**GOAL OF THE EXERCISE**
Take the lines below from the one with "Gustavo Gutierrez - (Making" through the one with "ICE CREAM MAN" and print only them, exactly. Don't print the pictures.

**LISTED ENTRIES**
▬▬▬▬▬▬▬▬▬▬
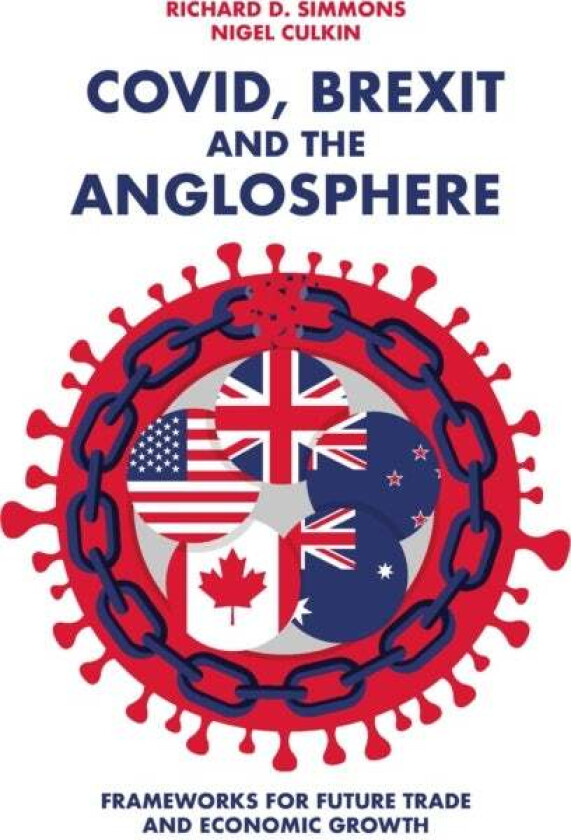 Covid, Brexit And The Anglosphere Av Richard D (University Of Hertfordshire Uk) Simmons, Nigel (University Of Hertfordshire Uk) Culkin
▬▬▬▬▬▬▬▬▬▬
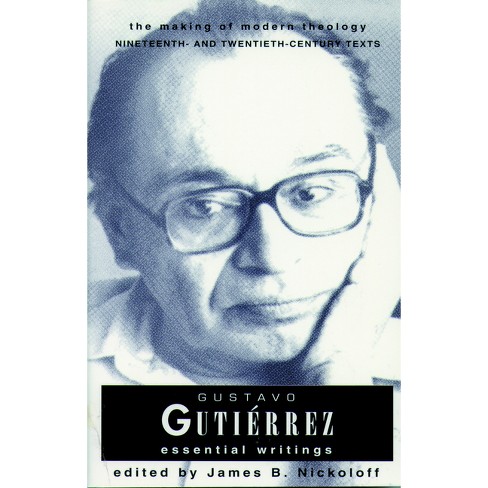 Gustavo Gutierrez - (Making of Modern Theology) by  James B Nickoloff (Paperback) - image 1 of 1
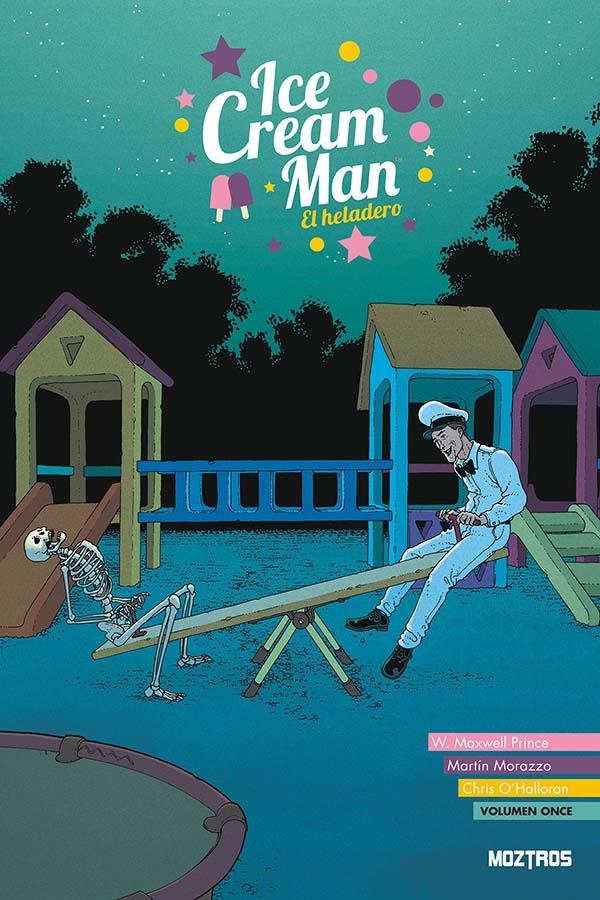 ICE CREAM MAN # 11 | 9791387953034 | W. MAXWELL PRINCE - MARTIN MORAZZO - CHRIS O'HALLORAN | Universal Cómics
▬▬▬▬▬▬▬▬▬▬
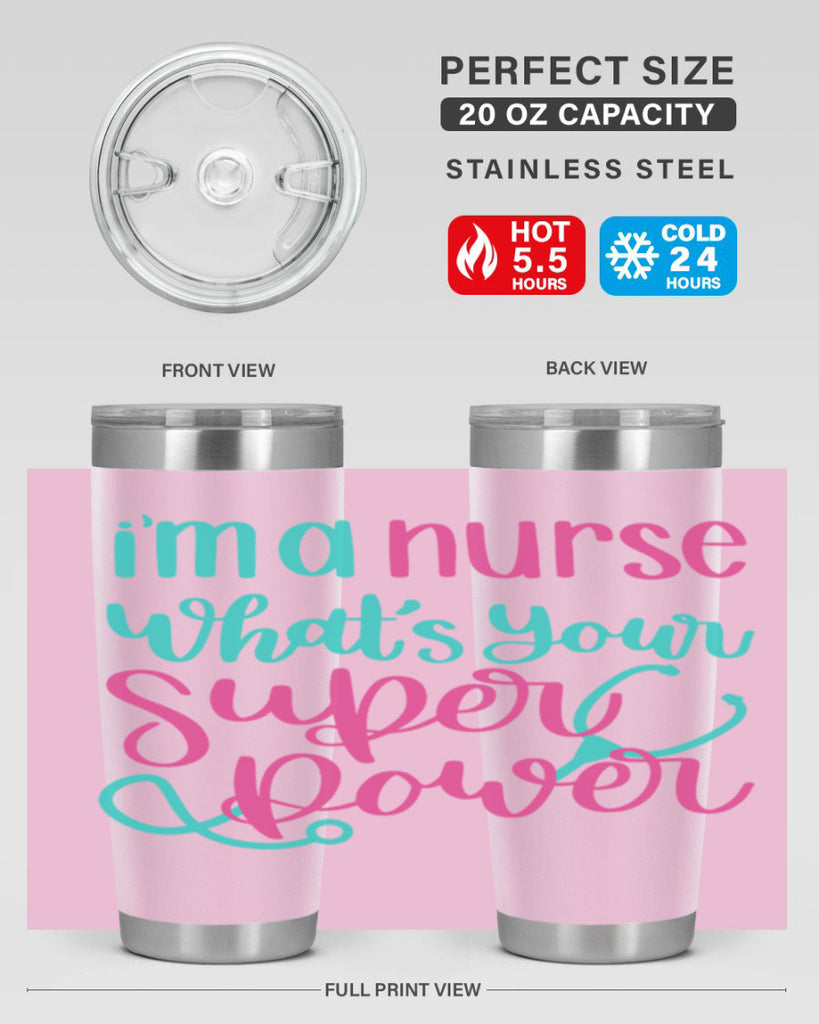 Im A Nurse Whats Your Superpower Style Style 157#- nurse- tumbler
▬▬▬▬▬▬▬▬▬▬
**TASK OUTPUT**
 Gustavo Gutierrez - (Making of Modern Theology) by  James B Nickoloff (Paperback) - image 1 of 1
 ICE CREAM MAN # 11 | 9791387953034 | W. MAXWELL PRINCE - MARTIN MORAZZO - CHRIS O'HALLORAN | Universal Cómics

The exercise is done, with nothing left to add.